- Born: 25 November 1894 Ebbw Vale, Monmouthshire, Wales
- Died: 1 August 1974 (aged 79) Southbourne, Sussex, England
- Education: University of Cambridge (BA)
- Awards: Companion of the Order of the Bath (1946) Knight Commander of the Order of the British Empire (1950) Knight Commander of the Order of the Bath (1956)
- Scientific career
- Workplaces: Royal Naval Scientific Service Ministry of Defence

= Frederick Brundrett =

British civil servant and mathematician (1894–1974)

Sir Frederick Brundrett, (25 November 1894 – 1 August 1974) was a British civil servant and mathematician who served as the Chief Scientific Adviser to the Ministry of Defence from 1954 to 1959.

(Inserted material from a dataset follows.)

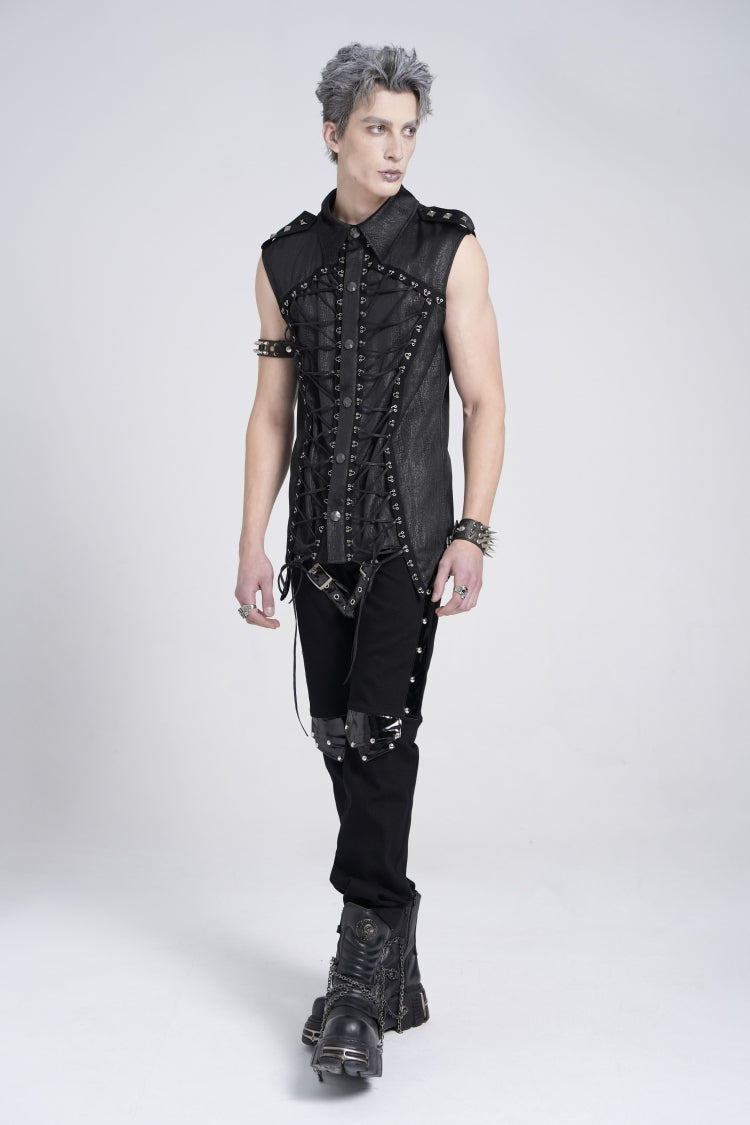 Black Sleeveless Studded Lace-Up Men's Gothic Blouse
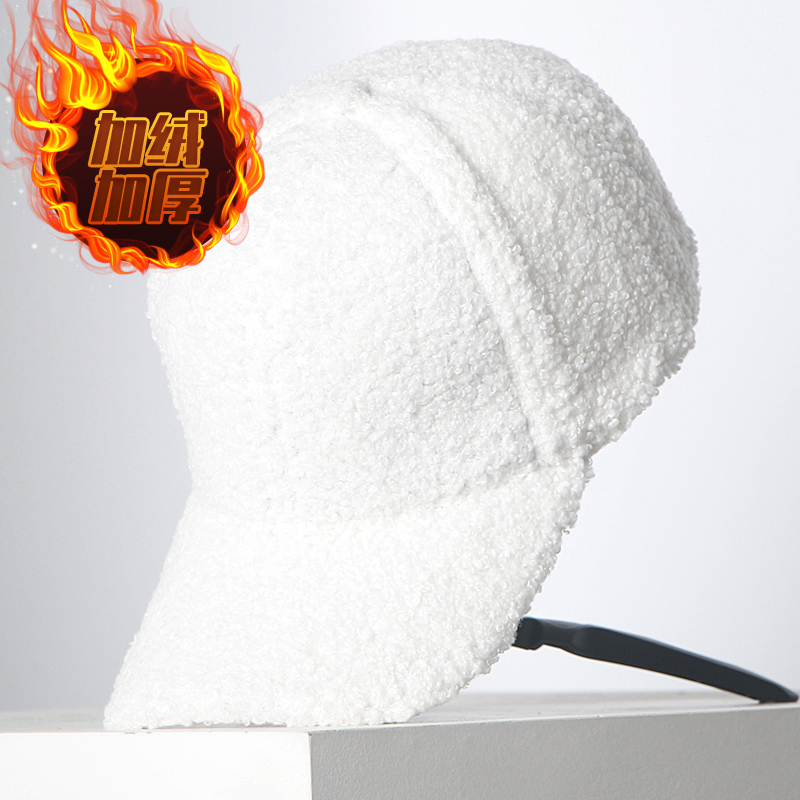 羊羔绒泰迪毛帽子男女潮冬季2025新款鸭舌帽加绒加厚保暖棒球帽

== Education and early life ==
Frederick Brundrett was born in Sunny Bank, Ebbw Vale, Monmouthshire on 25 November 1894. He was the oldest child of the seven sons and three daughters of Walter Brundrett, an accountant who worked for the Ebbw Vale Steel, Iron and Coal Company, and his wife Ada Richardson. He was educated at Rossall School, a public school in Fleetwood, Lancashire, where he excelled at sports. Later in life he was said to be one of the country's oldest first-class field hockey players. Although the school was not renowned for mathematics, Brundrett won a mathematics scholarship to Sidney Sussex College, Cambridge, which he entered in 1913. He earned first class honours in the first part of the Mathematical Tripos in 1914 and became a Wrangler in 1916.

==Career==
Brundrett joined the Royal Naval Volunteer Reserve to participate in World War I. He was slated for duty on patrol boats but contracted mumps and was held in isolation. It was discovered that he was a Wrangler and he was reassigned to the Wireless Experimental Department at , where he spent the rest of the war. Demobilised in 1919, Brundrett, joined the scientific staff of the Royal Naval Signal School. In 1920 he married Enid James; they had one child, a son they named James Edward.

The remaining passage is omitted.